Qu'est-ce que le nationalisme "Grand-Serbe" dans les années 80 et 90 ? C'est la jonction des thèses pan-serbes portés par certains milieux universitaires (Mémorandum de l'Académie des Sciences serbe de Belgrade appelant au "rassemblement des Serbes en un seul état"), par des partis et des personnalités se revendiquant du mouvement tchetnik …avec l'ambition et le pouvoir de Slobodan Milosevic, issu de l'appareil d'état communiste.

Depuis 1990, les élections ont donné une base nationaliste majoritaire parmi les minorités serbes de Croatie et de Bosnie-Herzégovine. Une propagande abondante des médias de Belgrade se déverse depuis quelques années sur une population culturellement tournée vers la Serbie. La télévision, pilier du régime de Milosevic, entretient cette paranoïa collective issue de la seconde Guerre Mondiale en passant des programmes violents à l'excès :

- Des "documentaires" sur les massacres des Oustachis (les milices croates pro-nazis pendant la deuxième Guerre Mondiale).

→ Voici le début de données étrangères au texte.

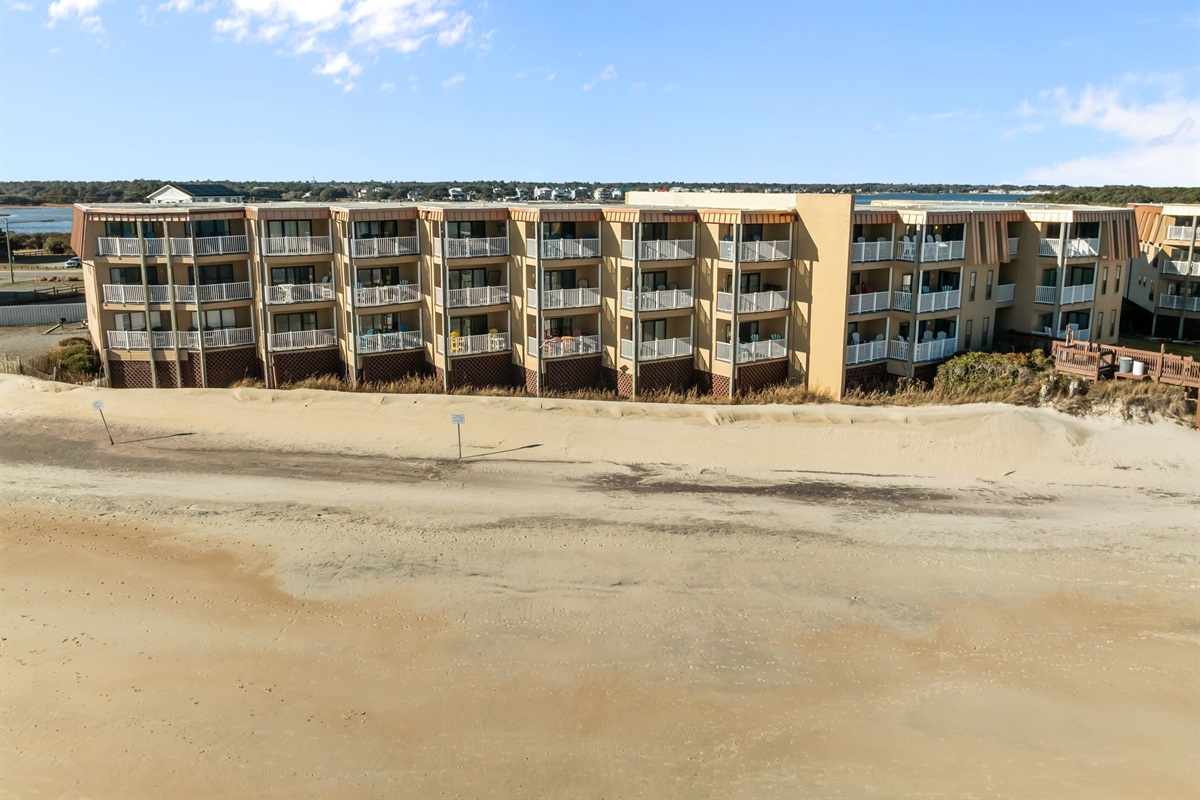 Topsail Dunes sits right behind the dunes, offering oceanfront balconies and direct access to the beach below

- Des commémorations de batailles du treizième siècle où des seigneurs orthodoxes luttèrent contre l'expansion de l'empire ottoman. Ces commémorations visent indirectement les musulmans du Kosovo, de Serbie et de Bosnie-Herzégovine.

Le régime de Belgrade réussit progressivement à assimiler la sécurité des populations serbes à la survie d'un état yougoslave.

Au niveau international, le régime se désigne habilement comme pouvoir fédéral légitime face au "séparatisme" des autres républiques. L'intervention sur tout le territoire de l'armée fédérale yougoslave est ainsi justifiée. Mais l'armée s'était déjà révélée comme un instrument du régime que ce soit au Kosovo ou dans les rues de Belgrade pour réprimer une manifestation de l'opposition en Serbie en mars 1991 au seul profit de Milosevic.

A l'Ouest on admet cependant qu'elle agit dans les autres républiques de la fédération afin de "protéger "les Yougoslaves ne désirant pas quitter la fédération, c'est à dire les minorités serbes.

Au commencement de la guerre la "Yougoserbie" de Milosevic contrôle les anciennes régions autonomes (Kosovo et Voïvodine) et le Monténégro dont elle a réussi à avorter le processus d'indépendance. Elle dispose du soutient actif des minorités serbes de Croatie et de Bosnie-Herzégovine dont les dirigeants nationalistes proclament respectivement en 1991 et 1992 la sécession de territoires autoproclamés "République Serbe de Krajina" (RSK) en Croatie et "République Serbe" (RS) en Bosnie-Herzégovine.

B. Les conquêtes

        Le régime de Belgrade contrôle de manière quasi exclusive l'armée yougoslave, la JNA (Armée Populaire Yougoslave), par le biais de sa haute hiérarchie se composant d'officiers complaisants ou nationalistes qui sont quasiment tous serbes. La JNA va organiser le démantèlement des usines d'armement et l'évacuation des dépôts d'armes et de munitions des républiques de Croatie, de Bosnie-Herzégovine et de Macédoine vers la Serbie. L'essentiel de l'aviation et de la flotte sont conduits en lieux sûrs. La JNA étant jusqu'alors l'armée fédérale "de tous les Yougoslaves", tous les officiers et appelés "non serbes" sont évincés ou désertent d'eux même.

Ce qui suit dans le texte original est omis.